2steps forward my ass

it totally fucking sucks that not eating marshmallows and behaving in a manner that demonstrates total and complete regard for one's self-worth can still end up making one feel utterly unhappy and unworthy. un-everything.

that one is me.

rather unfortunately it seems, sometimes stepping forward can feel just as bad.

Wednesday, April 16, 2008

lesson (almost) learned.

One day I will learn my lesson and refrain from divulging my 2stepping ways to people I suspect I may want to write about. Or rather vent about, tease, or use as a punchline. Assuming of course, those I choose to share my inner craziness with remain curious and actually stay tuned.

Stemming from an impulsive, random gin-flavoured kiss goodnight after drinks with a new friend a few weeks ago, I had a potential date brewing.

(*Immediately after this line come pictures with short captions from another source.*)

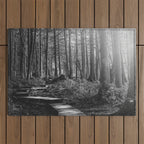 Adventure Nature Path Black and White Outdoor Rug Gallery Image 1
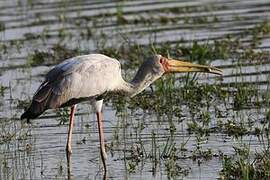 Yellow-billed Stork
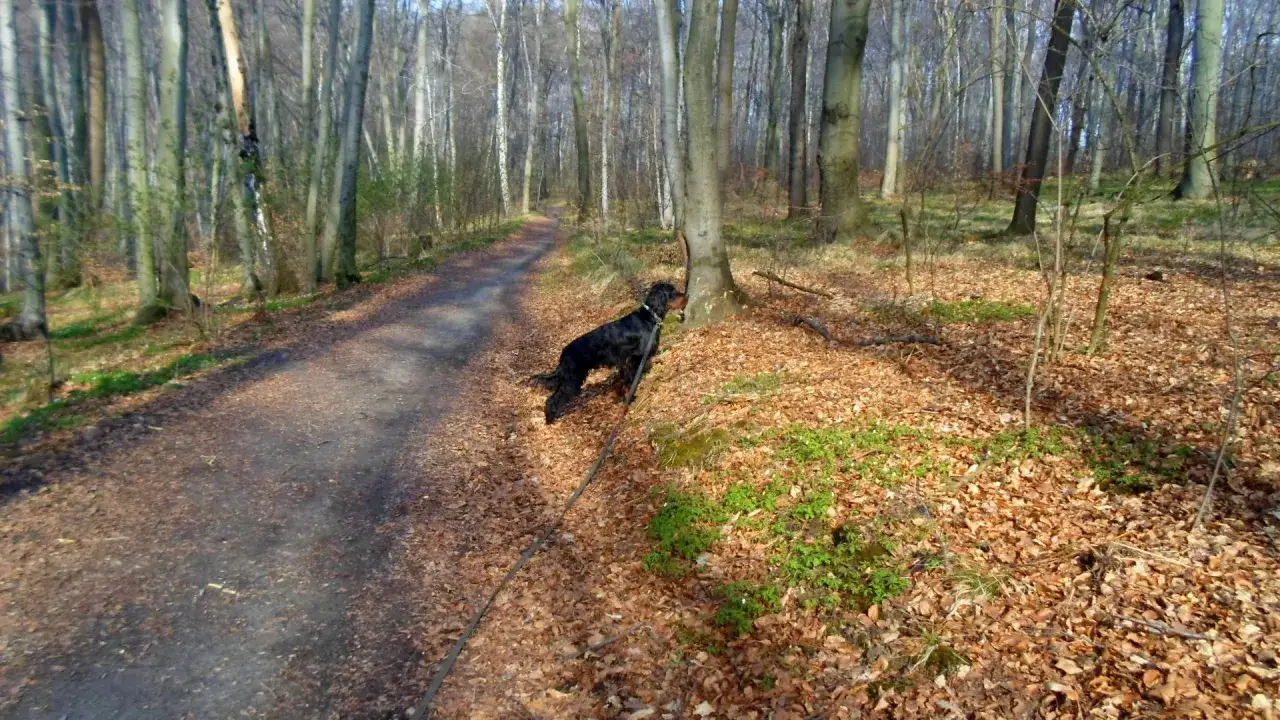 Czarny piesek na smyczy w lesie, idealne miejsce gdzie na spacer z psem w Krakowie.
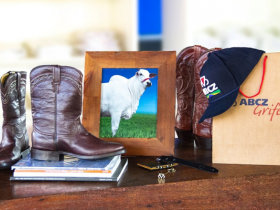 ?Grife da ABCZ? é reaberta no Parque Fernando Costa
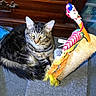 Romeo is registered to the contest to win money with this photo: cat, tabby, scratching_post, carpet, toy, feathers, fabric, indoor, pet, feline, fur, animal, whiskers, ears, tail, floor, wooden_furniture, playful, closeup, domestic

But as the texting started to lose its momentum and things began to fall off the rails trying to coordinates schedules, my gut started thumping with that 'something's up' feeling.

So yesterday I fb'd the dude to find out whether a spade was in fact a spade and today, not unexpectedly, got a very nice let down of the 'I met someone else' variety.

Oh well. Too bad for me - nice guy, and seemed genuine.

Of course anticipating an outcome such as this, I think rather amusingly (and given the snorts that followed, fairly accurately) commented to my monday night dinner gals -

- "It's sad...I didn't even get the chance to find something wrong with this one."

Thursday, April 10, 2008

Year of the Drop

Drop: initial part of a ride when a surfer stands up and slides down the face of the wave.

To me, this is also known as 'adrenaline alley' or more simply, the part where unabashed fear takes hold and I bail because the wave is way too big or fast. At least I let it be.

It's frustrating. To want to succeed so badly and improve, only to be held back by my own psyche.

So after my last surf trip and as I thought about all the things I talk, dream and think about doing yet never do because of my fear of taking the risk and going for it, I decided this was my year. My year to embrace every opportunity to push myself beyond the fear.

Because if it's like my surfing experiences where I've gotten tossed and churned about, even a bit bruised, I've always come out okay -

- and picked up my board and headed back out to try again.